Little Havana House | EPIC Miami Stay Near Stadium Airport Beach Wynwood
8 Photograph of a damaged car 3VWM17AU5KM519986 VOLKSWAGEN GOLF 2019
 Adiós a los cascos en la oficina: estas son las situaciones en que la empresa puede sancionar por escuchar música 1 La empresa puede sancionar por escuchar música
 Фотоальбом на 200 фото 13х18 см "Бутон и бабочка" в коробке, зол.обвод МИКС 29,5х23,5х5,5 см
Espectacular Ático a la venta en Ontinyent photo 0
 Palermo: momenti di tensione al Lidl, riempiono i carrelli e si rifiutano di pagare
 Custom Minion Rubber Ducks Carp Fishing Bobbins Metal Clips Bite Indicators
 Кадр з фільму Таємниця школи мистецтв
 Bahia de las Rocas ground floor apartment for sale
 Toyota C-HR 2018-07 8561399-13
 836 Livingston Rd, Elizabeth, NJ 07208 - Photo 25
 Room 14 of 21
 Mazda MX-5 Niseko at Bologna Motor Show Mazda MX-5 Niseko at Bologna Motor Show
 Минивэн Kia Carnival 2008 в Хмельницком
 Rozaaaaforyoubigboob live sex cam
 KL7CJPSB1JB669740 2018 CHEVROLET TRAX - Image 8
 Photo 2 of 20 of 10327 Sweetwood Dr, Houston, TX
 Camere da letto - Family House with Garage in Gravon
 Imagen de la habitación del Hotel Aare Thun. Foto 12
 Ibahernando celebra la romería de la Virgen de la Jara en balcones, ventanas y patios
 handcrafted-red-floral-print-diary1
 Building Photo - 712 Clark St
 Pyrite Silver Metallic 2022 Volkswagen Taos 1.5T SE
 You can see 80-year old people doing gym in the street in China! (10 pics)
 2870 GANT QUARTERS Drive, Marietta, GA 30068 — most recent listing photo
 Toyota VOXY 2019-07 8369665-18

### Work order
Return only the lines above that run from the opening line through the line containing "Custom Minion Rubber", exactly as written.

### Response for this exercise
Little Havana House | EPIC Miami Stay Near Stadium Airport Beach Wynwood
8 Photograph of a damaged car 3VWM17AU5KM519986 VOLKSWAGEN GOLF 2019
 Adiós a los cascos en la oficina: estas son las situaciones en que la empresa puede sancionar por escuchar música 1 La empresa puede sancionar por escuchar música
 Фотоальбом на 200 фото 13х18 см "Бутон и бабочка" в коробке, зол.обвод МИКС 29,5х23,5х5,5 см
Espectacular Ático a la venta en Ontinyent photo 0
 Palermo: momenti di tensione al Lidl, riempiono i carrelli e si rifiutano di pagare
 Custom Minion Rubber Ducks Carp Fishing Bobbins Metal Clips Bite Indicators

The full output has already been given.